Career NFL statistics as of 2024
- Games: 1
- Stats at Pro Football Reference

= Bump Cooper Jr. =

American football player (born 2001)

Ryan "Bump" Cooper Jr. (born August 31, 2001) is an American professional football cornerback. He played college football at the College of San Mateo and Oregon State. Cooper was signed by the Baltimore Ravens as an undrafted free agent follow the 2024 NFL draft.

==College career==
=== College of San Mateo ===
During Cooper's three-year career at San Mateo from 2019 through 2021, he played in 22 games, where he notched 47 tackles and four interceptions.

=== Oregon State ===
Cooper decided to commit to play division 1 college football for the Oregon State Beavers.
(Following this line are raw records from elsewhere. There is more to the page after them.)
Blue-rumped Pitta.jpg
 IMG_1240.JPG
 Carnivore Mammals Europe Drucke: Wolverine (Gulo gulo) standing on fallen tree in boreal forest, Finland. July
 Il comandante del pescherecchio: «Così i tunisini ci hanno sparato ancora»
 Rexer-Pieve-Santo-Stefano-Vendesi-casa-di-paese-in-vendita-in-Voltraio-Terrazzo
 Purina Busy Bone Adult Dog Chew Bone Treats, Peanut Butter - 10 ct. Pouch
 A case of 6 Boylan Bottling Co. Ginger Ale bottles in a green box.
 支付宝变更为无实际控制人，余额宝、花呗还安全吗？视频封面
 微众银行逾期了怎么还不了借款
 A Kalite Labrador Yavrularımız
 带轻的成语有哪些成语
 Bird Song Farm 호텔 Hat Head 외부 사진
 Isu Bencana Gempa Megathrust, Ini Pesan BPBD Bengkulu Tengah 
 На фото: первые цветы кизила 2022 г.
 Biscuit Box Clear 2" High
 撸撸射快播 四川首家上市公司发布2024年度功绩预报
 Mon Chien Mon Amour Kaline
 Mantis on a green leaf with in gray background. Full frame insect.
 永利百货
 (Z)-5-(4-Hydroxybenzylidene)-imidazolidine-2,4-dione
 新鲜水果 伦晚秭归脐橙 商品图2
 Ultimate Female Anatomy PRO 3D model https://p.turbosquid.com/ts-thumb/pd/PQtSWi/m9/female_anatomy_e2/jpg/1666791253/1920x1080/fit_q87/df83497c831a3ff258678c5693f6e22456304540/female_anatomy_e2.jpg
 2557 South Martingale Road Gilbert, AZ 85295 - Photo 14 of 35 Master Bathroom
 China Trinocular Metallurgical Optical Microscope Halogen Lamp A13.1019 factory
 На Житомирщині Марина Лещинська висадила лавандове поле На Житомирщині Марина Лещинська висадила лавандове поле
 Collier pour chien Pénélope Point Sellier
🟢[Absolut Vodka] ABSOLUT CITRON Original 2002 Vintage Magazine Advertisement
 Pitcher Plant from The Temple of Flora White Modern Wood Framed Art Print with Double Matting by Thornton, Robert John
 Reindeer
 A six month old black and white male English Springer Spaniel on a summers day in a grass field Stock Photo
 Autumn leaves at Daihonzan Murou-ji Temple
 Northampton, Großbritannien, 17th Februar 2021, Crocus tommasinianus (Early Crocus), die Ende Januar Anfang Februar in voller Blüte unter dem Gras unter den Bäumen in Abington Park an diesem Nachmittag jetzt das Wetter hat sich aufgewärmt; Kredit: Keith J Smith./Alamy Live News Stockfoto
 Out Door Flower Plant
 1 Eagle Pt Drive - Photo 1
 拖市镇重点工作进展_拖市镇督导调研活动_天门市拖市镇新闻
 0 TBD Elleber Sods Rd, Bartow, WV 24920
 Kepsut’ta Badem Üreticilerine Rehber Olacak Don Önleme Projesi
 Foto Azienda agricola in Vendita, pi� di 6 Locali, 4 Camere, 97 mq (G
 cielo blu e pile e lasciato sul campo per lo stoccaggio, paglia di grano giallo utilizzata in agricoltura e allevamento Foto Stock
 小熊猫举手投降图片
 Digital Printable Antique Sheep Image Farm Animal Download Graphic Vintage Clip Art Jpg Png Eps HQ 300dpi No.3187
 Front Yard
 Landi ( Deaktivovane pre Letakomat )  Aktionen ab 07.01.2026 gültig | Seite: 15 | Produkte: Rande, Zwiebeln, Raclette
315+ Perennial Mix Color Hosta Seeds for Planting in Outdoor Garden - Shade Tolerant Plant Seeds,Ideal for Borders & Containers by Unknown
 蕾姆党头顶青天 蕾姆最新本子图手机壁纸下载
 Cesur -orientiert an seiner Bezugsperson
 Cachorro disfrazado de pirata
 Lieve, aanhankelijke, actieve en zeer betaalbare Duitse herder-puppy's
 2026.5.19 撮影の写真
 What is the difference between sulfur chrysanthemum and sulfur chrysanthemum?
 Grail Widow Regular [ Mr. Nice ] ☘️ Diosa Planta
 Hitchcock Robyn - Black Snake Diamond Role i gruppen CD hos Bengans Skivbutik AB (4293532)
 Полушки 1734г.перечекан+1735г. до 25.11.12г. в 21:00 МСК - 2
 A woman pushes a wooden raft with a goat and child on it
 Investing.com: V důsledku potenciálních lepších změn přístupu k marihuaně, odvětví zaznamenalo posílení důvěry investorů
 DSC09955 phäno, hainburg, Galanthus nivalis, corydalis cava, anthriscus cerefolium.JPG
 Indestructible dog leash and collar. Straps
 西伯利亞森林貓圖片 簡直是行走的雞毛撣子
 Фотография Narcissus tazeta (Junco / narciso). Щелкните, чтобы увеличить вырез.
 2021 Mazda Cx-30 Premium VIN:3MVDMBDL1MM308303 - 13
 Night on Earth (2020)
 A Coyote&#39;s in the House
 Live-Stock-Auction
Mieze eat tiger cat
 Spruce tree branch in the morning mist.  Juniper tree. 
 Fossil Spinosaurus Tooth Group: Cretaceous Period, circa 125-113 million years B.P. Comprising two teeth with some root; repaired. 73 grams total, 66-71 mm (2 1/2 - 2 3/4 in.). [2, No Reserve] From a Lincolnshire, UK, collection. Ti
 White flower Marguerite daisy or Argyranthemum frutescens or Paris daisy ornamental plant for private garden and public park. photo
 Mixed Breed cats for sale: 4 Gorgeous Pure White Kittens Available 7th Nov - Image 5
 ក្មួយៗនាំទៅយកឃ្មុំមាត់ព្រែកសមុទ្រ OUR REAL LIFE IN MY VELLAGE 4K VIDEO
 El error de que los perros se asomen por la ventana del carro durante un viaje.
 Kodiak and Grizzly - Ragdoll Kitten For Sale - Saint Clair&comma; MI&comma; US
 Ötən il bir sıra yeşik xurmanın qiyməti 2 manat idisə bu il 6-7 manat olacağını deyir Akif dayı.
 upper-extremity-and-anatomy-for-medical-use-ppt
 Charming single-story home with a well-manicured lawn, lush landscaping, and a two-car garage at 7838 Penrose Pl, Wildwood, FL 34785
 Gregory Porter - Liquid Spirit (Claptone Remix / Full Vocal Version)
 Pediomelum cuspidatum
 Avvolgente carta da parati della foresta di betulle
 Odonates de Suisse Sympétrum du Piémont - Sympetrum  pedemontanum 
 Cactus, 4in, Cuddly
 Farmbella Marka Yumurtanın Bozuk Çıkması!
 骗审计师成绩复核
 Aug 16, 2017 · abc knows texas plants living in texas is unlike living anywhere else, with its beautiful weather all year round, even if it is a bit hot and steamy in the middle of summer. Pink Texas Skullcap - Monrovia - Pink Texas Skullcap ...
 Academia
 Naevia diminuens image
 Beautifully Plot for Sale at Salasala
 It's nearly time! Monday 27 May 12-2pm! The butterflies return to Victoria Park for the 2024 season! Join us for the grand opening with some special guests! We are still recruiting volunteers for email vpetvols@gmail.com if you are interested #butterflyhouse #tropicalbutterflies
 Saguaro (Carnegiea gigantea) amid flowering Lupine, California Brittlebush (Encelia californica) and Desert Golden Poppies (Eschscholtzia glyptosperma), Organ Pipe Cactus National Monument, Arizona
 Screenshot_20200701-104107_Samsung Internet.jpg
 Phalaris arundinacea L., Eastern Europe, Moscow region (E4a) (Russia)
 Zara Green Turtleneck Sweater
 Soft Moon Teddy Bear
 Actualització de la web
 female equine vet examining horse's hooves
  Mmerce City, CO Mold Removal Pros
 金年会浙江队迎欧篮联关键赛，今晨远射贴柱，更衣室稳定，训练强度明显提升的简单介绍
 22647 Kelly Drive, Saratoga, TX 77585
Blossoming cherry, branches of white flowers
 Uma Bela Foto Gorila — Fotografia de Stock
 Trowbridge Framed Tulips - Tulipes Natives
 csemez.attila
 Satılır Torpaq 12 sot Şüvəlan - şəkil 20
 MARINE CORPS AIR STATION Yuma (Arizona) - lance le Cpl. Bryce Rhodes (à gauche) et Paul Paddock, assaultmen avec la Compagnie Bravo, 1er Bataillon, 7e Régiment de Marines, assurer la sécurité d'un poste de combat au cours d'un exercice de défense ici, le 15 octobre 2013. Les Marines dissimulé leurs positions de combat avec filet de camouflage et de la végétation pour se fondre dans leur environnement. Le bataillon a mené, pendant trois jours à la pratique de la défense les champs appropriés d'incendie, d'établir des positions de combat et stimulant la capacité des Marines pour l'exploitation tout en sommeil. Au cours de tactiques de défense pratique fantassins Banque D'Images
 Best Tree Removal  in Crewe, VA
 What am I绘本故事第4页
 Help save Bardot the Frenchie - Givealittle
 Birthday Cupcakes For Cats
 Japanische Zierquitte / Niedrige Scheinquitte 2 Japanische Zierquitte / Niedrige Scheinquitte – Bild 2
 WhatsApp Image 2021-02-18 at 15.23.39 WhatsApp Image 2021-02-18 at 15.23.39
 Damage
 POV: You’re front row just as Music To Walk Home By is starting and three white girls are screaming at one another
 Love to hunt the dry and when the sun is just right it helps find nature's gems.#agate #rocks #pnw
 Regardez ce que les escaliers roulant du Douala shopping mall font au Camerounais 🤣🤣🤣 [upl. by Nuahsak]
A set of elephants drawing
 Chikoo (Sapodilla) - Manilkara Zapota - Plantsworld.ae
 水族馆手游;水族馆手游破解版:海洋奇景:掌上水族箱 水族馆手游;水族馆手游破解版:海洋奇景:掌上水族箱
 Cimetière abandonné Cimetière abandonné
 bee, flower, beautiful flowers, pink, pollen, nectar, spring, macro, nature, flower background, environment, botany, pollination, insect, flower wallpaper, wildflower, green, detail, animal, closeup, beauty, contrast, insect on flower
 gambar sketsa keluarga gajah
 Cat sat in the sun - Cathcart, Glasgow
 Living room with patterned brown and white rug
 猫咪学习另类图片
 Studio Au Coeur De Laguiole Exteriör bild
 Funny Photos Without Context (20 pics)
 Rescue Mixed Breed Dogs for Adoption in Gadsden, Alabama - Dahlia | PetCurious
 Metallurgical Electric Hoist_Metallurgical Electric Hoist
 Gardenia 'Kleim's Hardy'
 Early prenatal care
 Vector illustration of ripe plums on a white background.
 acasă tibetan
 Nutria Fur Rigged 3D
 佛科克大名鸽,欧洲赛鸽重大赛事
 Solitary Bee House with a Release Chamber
During Cooper's two-year career with the Beavers in 2022 and 2023, he appeared in 23 games, where he totaled 82 tackles, with five being for a loss, a sack and a half, 18 pass deflections, four interceptions, and a touchdown.

== Professional career ==

Pre-draft measurables
| Height | Weight | Arm length | Hand span | Wingspan | 40-yard dash | 10-yard split | 20-yard split | 20-yard shuttle | Three-cone drill | Vertical jump | Broad jump |
| 5 ft 11+1⁄4 in (1.81 m) | 184 lb (83 kg) | 30+1⁄2 in (0.77 m) | 8+3⁄4 in (0.22 m) | 5 ft 11+5⁄8 in (1.82 m) | 4.67 s | 1.64 s | 2.69 s | 4.44 s | 7.18 s | 31.0 in (0.79 m) | 9 ft 8 in (2.95 m) |
All values from NFL Combine/Pro Day

===Baltimore Ravens===
After not being selected in the 2024 NFL draft, Cooper signed with the Baltimore Ravens as an undrafted free agent. However, on August 27, 2024, Cooper was released during final roster cuts but was re-signed to the team's practice squad the following day. In Week 8, Cooper made his NFL debut against the Cleveland Browns, after being elevated from the team's practice squad. He was released on November 19.

===Seattle Seahawks===
On November 26, 2024, Cooper was signed to the Seattle Seahawks practice squad. He signed a reserve/future contract with Seattle on January 6, 2025. Cooper was waived by the Seahawks on February 21.

===Miami Dolphins===
On February 24, 2025, Cooper was claimed off waivers by the Miami Dolphins. He was waived on May 8. Cooper was re-signed on May 27, and waived on July 26.

===New York Jets===
On July 27, 2025, Cooper was claimed off waivers by the New York Jets. On August 26, he was waived with an injury settlement by the Jets as part of final roster cuts.

===Birmingham Stallions===
On January 14, 2025, Cooper was selected by the Birmingham Stallions of the United Football League (UFL).

===Detroit Lions===
Following a workout with the team, Cooper signed with the Detroit Lions on August 9, 2026. On August 30, he was waived as part of final roster cuts.

==Personal life==
Two of Cooper's cousins, Rejzohn Wright and Nahshon Wright, have both played in the NFL. Rejzohn is a cornerback currently with the New Orleans Saints, and Nahshon is a cornerback for the Chicago Bears.